Adam Jan Kaczmarek, Michał Marcińczuk

Abstract


A preliminary study in zero anaphora coreference resolution for Polish

Zero anaphora is an element of the coreference resolution task that has not yet been directly addressed in Polish and, in most studies, it has been left as the most challenging aspect for further investigation. This article presents an initial study of this problem. The preparation of a machine learning approach, alongside engineering features based on linguistic study of the KPWr corpus, is discussed. This study utilizes existing tools for Polish coreference resolution as sources of partial coreferential clusters containing pronoun, noun and named entity mentions. They are also used as baseline zero coreference resolution systems for comparison with our system. The evaluation process is focused not only on clustering correctness, without taking into account types of mentions, using standard CoNLL-2012 measures, but also on the informativeness of the resulting relations. According to the annotation approach used for coreference to the KPWr corpus, only named entities are treated as mentions that are informative enough to constitute a link to real world objects. Consequently, we provide an evaluation of informativeness based on found links between zero anaphoras and named entities. For the same reason, we restrict coreference resolution in this study to mention clusters built around named entities.

 

Wstępne studium rozwiązywania problemu koreferencji anafory zerowej w języku polskim

Koreferencja zerowa, w języku polskim, jest jednym z zagadnień rozpoznawania koreferencji. Dotychczas nie była ona bezpośrednim przedmiotem badań, gdyż ze względu na jej złożoność była pomijana i odsuwana na dalsze etapy badań. Artykuł prezentuje wstępne studium problemu, jakim jest rozpoznawanie koreferencji zerowej. Przedstawiamy podejście wykorzystujące techniki uczenia maszynowego oraz proces tworzenia cech w oparciu o analizę lingwistyczną korpusu KPWr. W przedstawionej pracy wykorzystujemy istniejące narzędzia do rozpoznawania koreferencji dla pozostałych rodzajów wzmianek (tj. nazwy własne, frazy rzeczownikowe oraz zaimki) jako źródło częściowych zbiorów wzmianek odnoszących się do tego samego obiektu, a także jako punkt odniesienia dla uzyskanych przez nas wyników. Ocena skupia się nie tylko na poprawności uzyskanych zbiorów wzmianek, bez względu na ich typ, co odzwierciedlają wyniki podane dla standardowych metryk CoNLL-2012, ale także na wartości informacji, która zostaje uzyskana w wyniku rozpoznania koreferencji. W nawiązaniu do założeń anotacji korpusu KPWr, jedynie nazwy własne traktowane są jako wzmianki, które zawierają w sobie wystarczająco szczegółową informację, aby można było powiązać je z obiektami rzeczywistymi. W konsekwencji dostarczamy także ocenę opartą na wartości informacji dla podmiotów domyślnych połączonych relacją koreferencji z nazwami własnymi. Z tą samą motywacją rozpatrujemy jedynie zbiory wzmianek koreferencyjnych zbudowane wokół nazw własnych.


Keywords


coreference; zero subject; zero anaphora coreference in Polish

Full Text:

PDF (in English)

References


Bagga, A., & Baldwin, B. (1998). Algorithms for scoring coreference chains. In The First International Conference on Language Resources and Evaluation Workshop on Linguistics Coreference (pp. 563–566).
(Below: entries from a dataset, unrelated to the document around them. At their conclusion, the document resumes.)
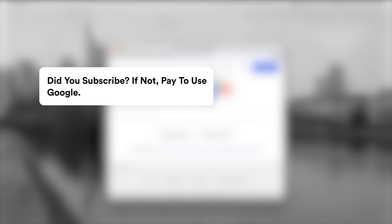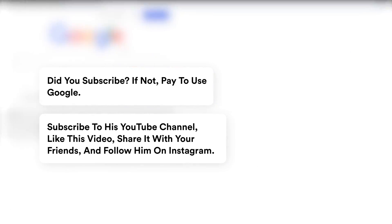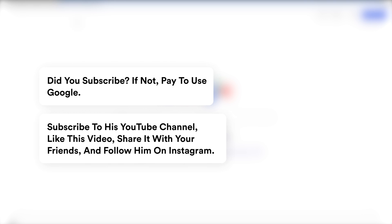So that was today's 5 minute project. A quick note — I cannot reply to comments, neither can I comment on my YouTube videos. So if you want to connect with me, you can follow me on Instagram. Now you have your own browser. If you haven't subscribed, subscribe to his YouTube channel, like this video, share it with your friends, and follow him on Instagram.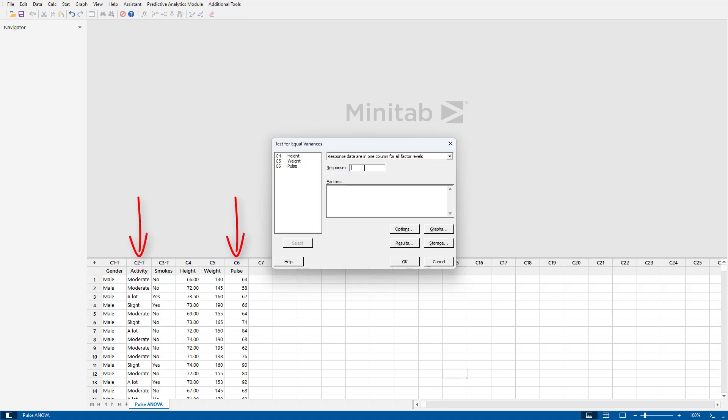So if you look at column 2, you'll see that has all the activity levels, and column 6 has the pulse levels.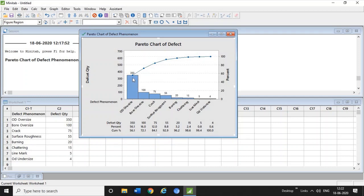You can see that 84 percent of all problems are related to the first, second, and third defects. So you can take up a project on the first defect, which is OD oversize. This is how you use the Pareto chart to analyze your biggest problem and decide how to solve it.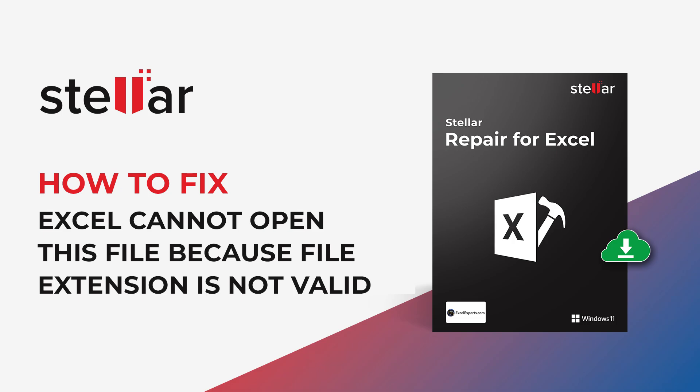In this video, we will see a simple way to fix the error Excel cannot open the file filename .xlsx because the file format or file extension is not valid. Verify that the file has not been corrupted and that the file extension matches the format of the file.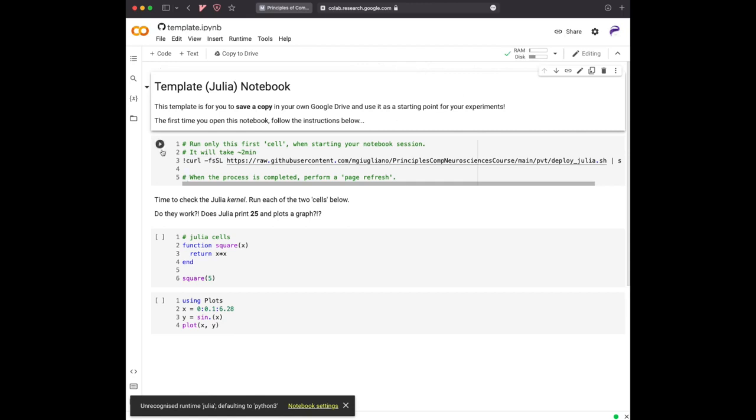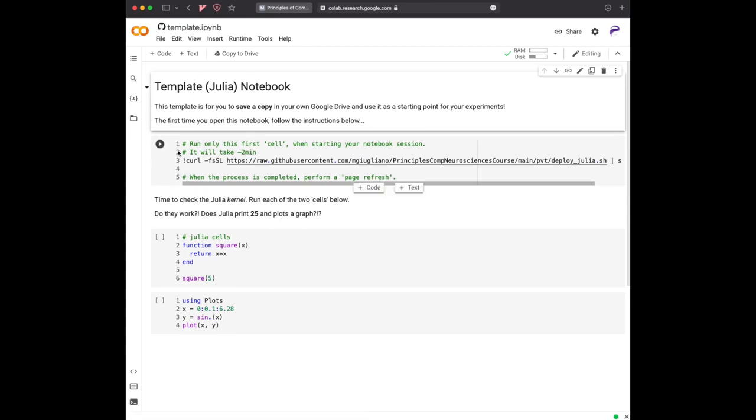And each of this cell can be text or can be code. These gray are code, and these two things are code in a language that is called Julia. I would like you to go...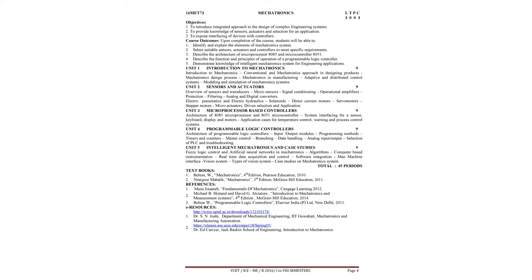We will study about the system and the interfacing of system with sensor, keyboard, display and motors. We will also study some of the applications of the microprocessor and microcontroller for temperature control, warning and process control systems.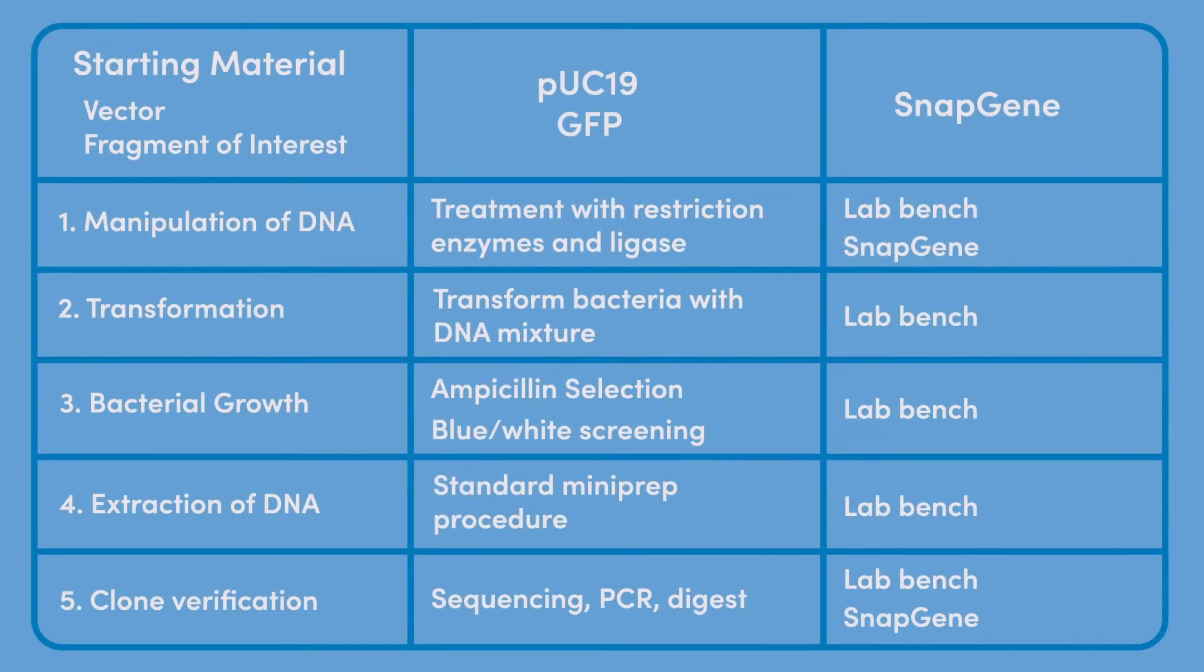In this table we relist the steps of the cloning cycle. The third column highlights where the cloning cycle integrates with SnapGene.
Broda, B., Burdka, L., & Maziarz, M. (2012). IKAR: An improved kit for anaphora resolution for Polish. In Proceedings of COLING 2012: Demonstration papers (pp. 25–32). COLING 2012, Mumbai, December 2012.

Broda, B., Marcińczuk, M., Maziarz, M., Radziszewski, A., & Wardyński, A. (2012). KPWr: Towards a free corpus of Polish. In N. Calzolari, K. Choukri, T. Declerck, M. Uğur Doğan, B. Maegaard, J. Mariani, J. Odijk, & S. Piperidis (Eds.), Proceedings of the Eight International Conference on Language Resources and Evaluation (LREC'12). Istanbul, Turkey: European Language Resources Association (ELRA).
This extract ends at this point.